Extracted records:
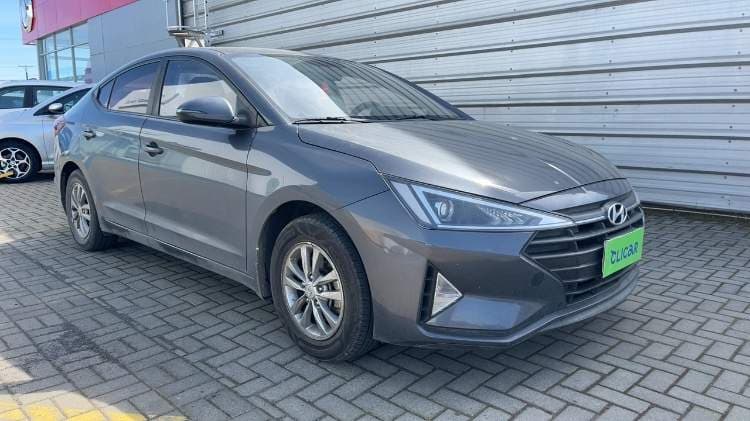 Automovil Hyundai Elantra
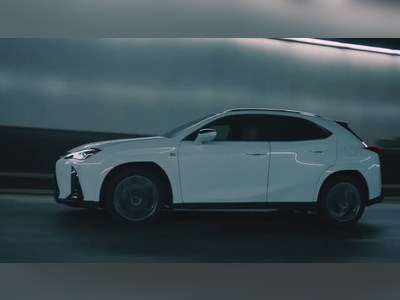 Lexus UX 300h - thaicars.com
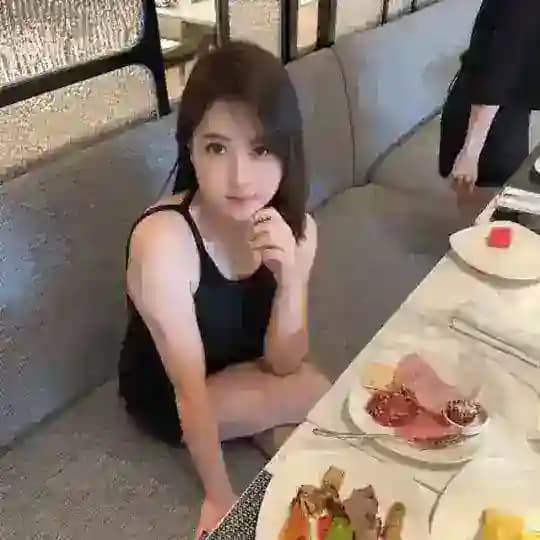 学生自慰初中少妇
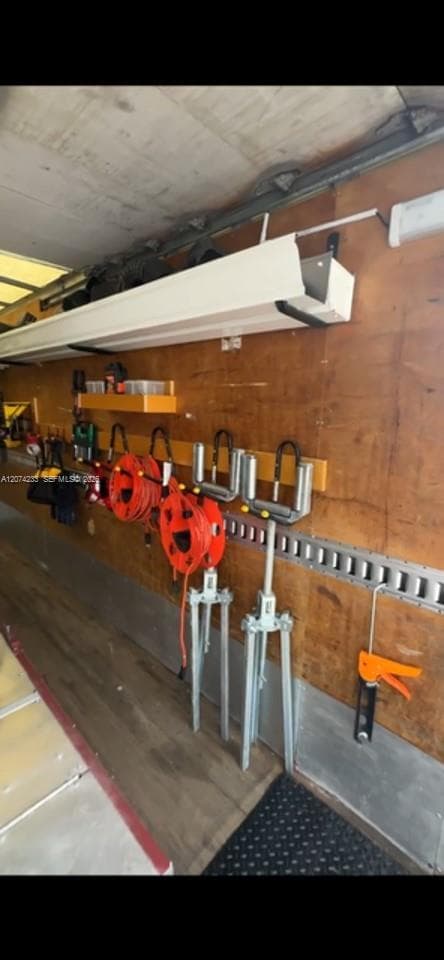 INSTALLER/KITCHEN/DOORS/GUTTER BUSINESS, Miami FL 33186
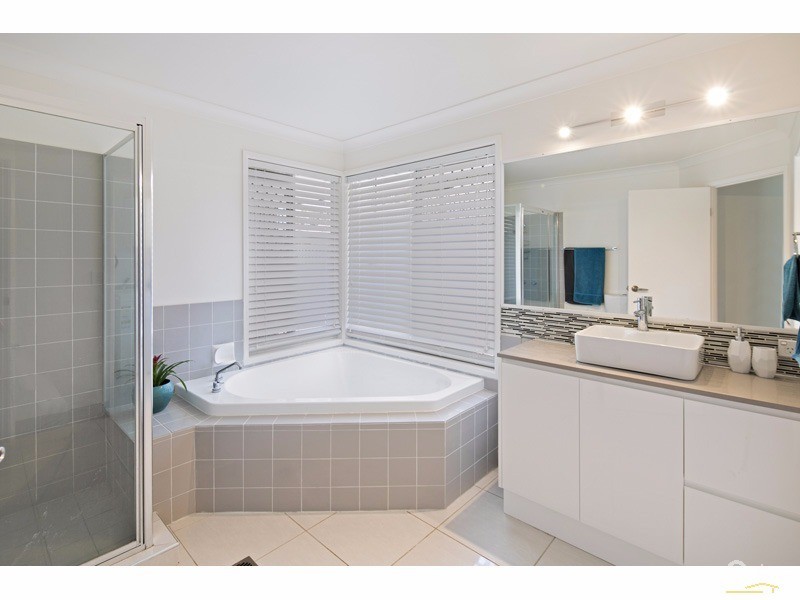 12 Bangalow St, Victoria Point QLD 4165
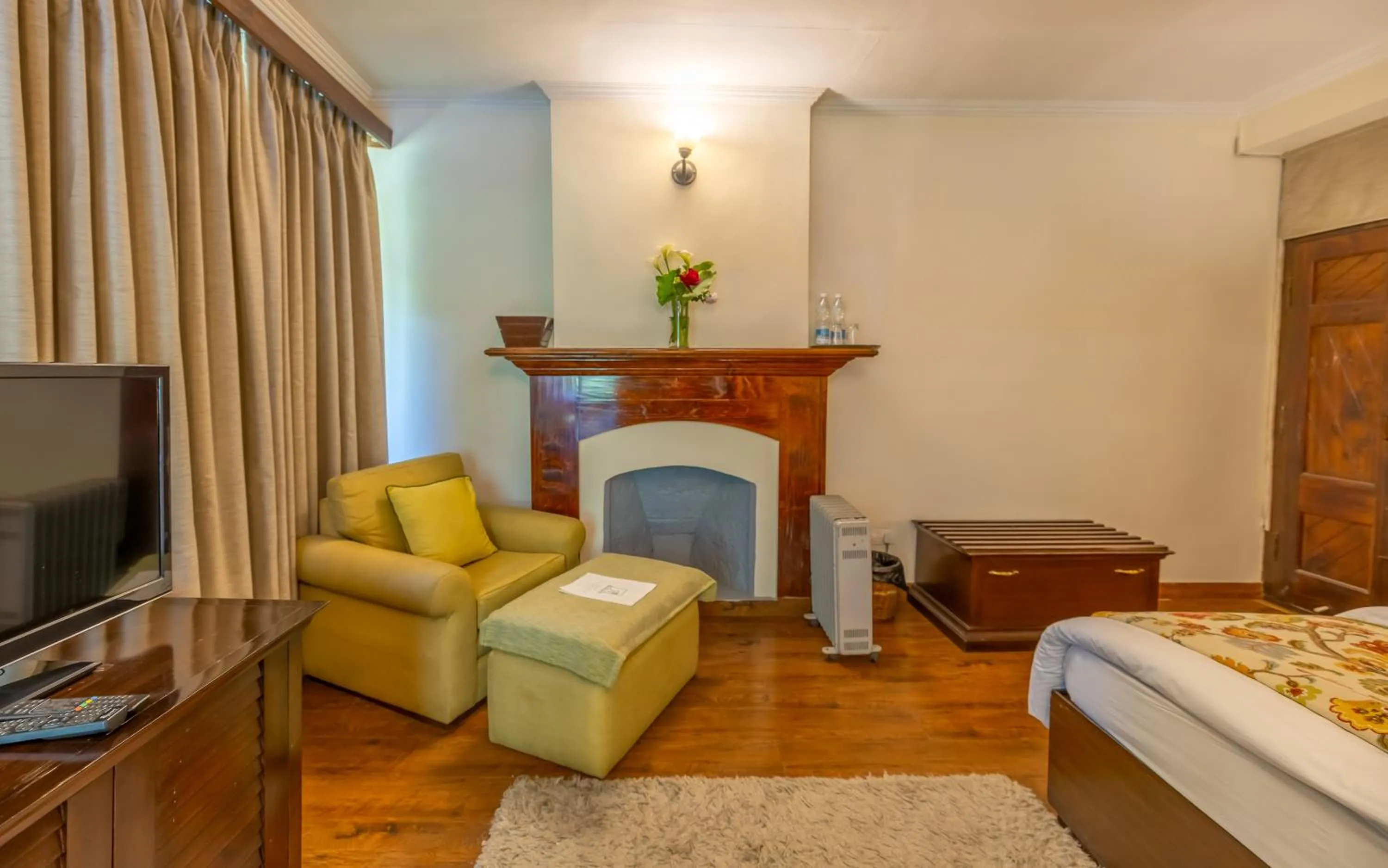 Deluxe Room in Baikunth Manali By Leisure Hotels - 650 meters from Hidimba Devi Temple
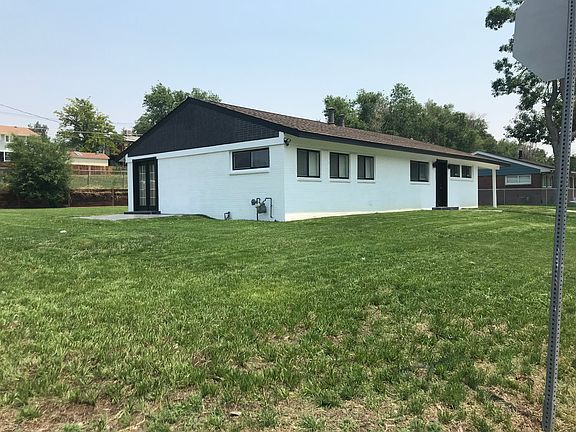 5th image of 9175 Cole Dr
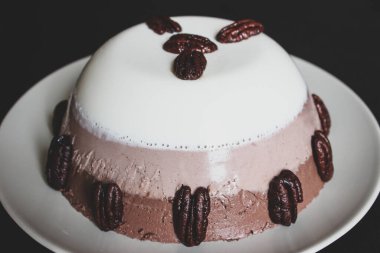 Üç çiçekli, fındıklı kremalı kek.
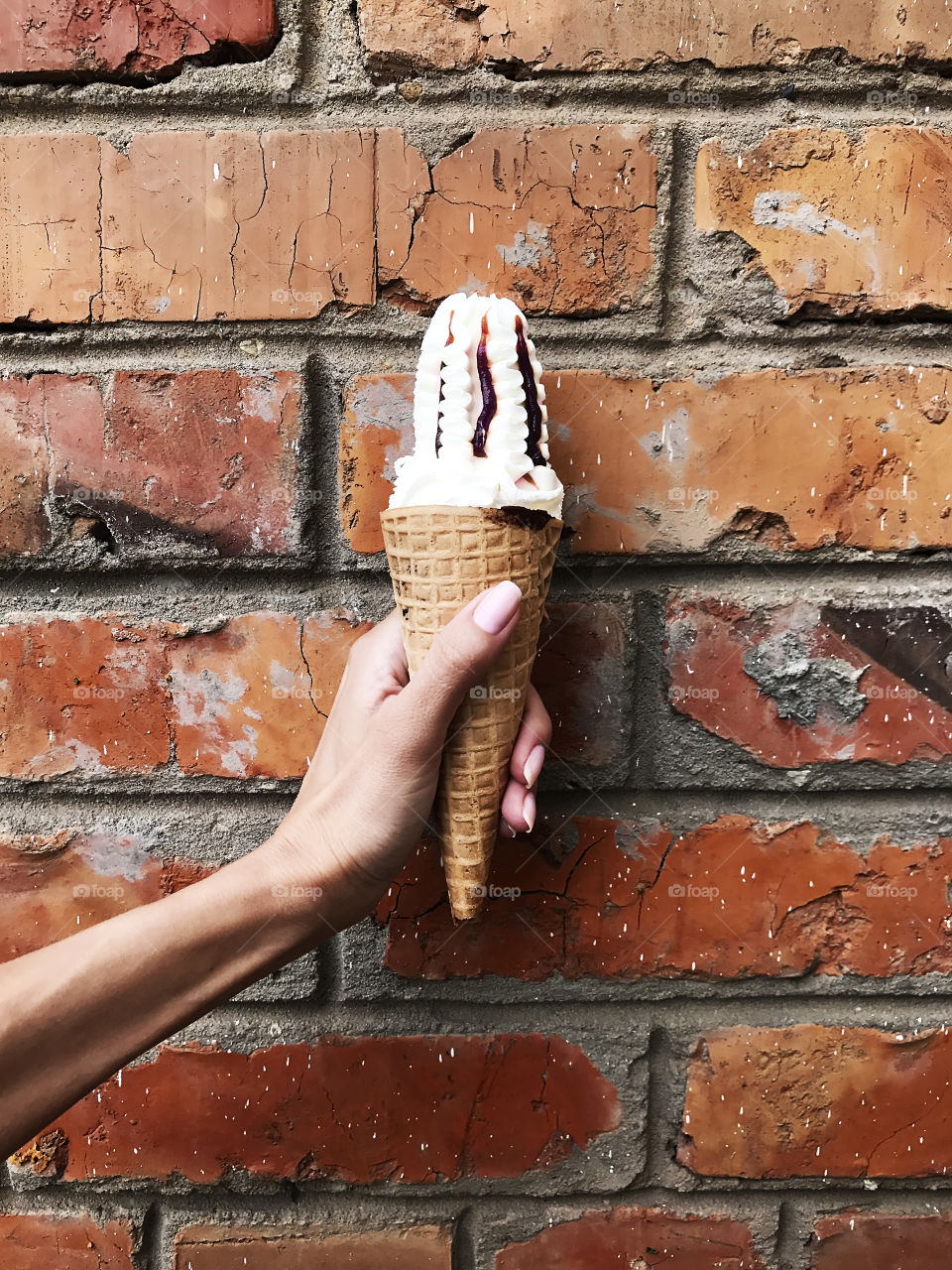 Enjoying the last summer days with an ice cream cone 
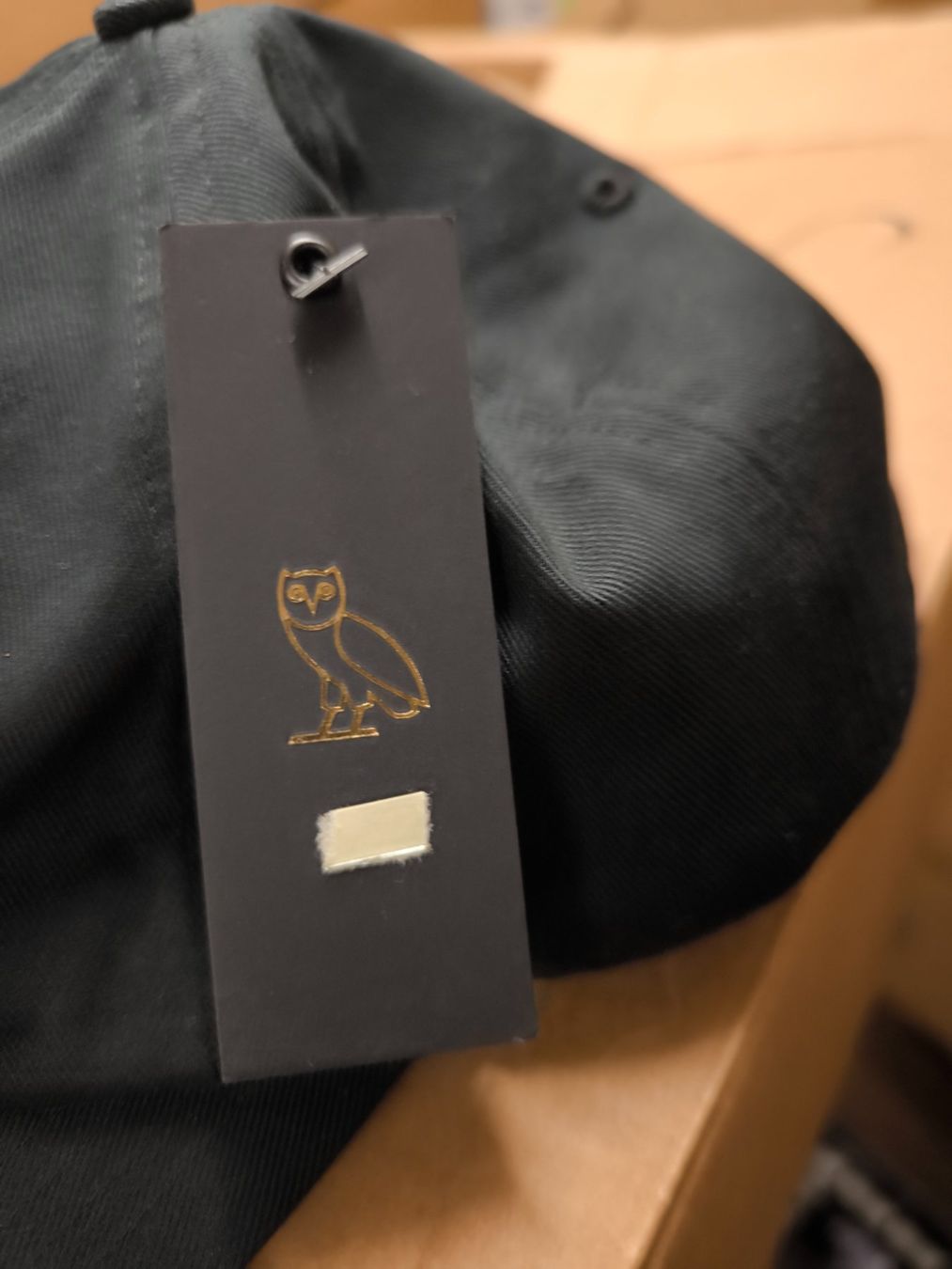 Copricapi, berretti & cappellini: OVO Cap - New – Nuovo (secondo la descrizione) da Zürich venduto da l.to 2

## The task
Omit the pictures and retype exactly the lines from the one containing "INSTALLER/KITCHEN/DOORS/GUTTER BUSINESS, Miami" through the end of the entries above.

## Exercise output
 INSTALLER/KITCHEN/DOORS/GUTTER BUSINESS, Miami FL 33186
 12 Bangalow St, Victoria Point QLD 4165
 Deluxe Room in Baikunth Manali By Leisure Hotels - 650 meters from Hidimba Devi Temple
 5th image of 9175 Cole Dr
 Üç çiçekli, fındıklı kremalı kek.
 Enjoying the last summer days with an ice cream cone 
 Copricapi, berretti & cappellini: OVO Cap - New – Nuovo (secondo la descrizione) da Zürich venduto da l.to 2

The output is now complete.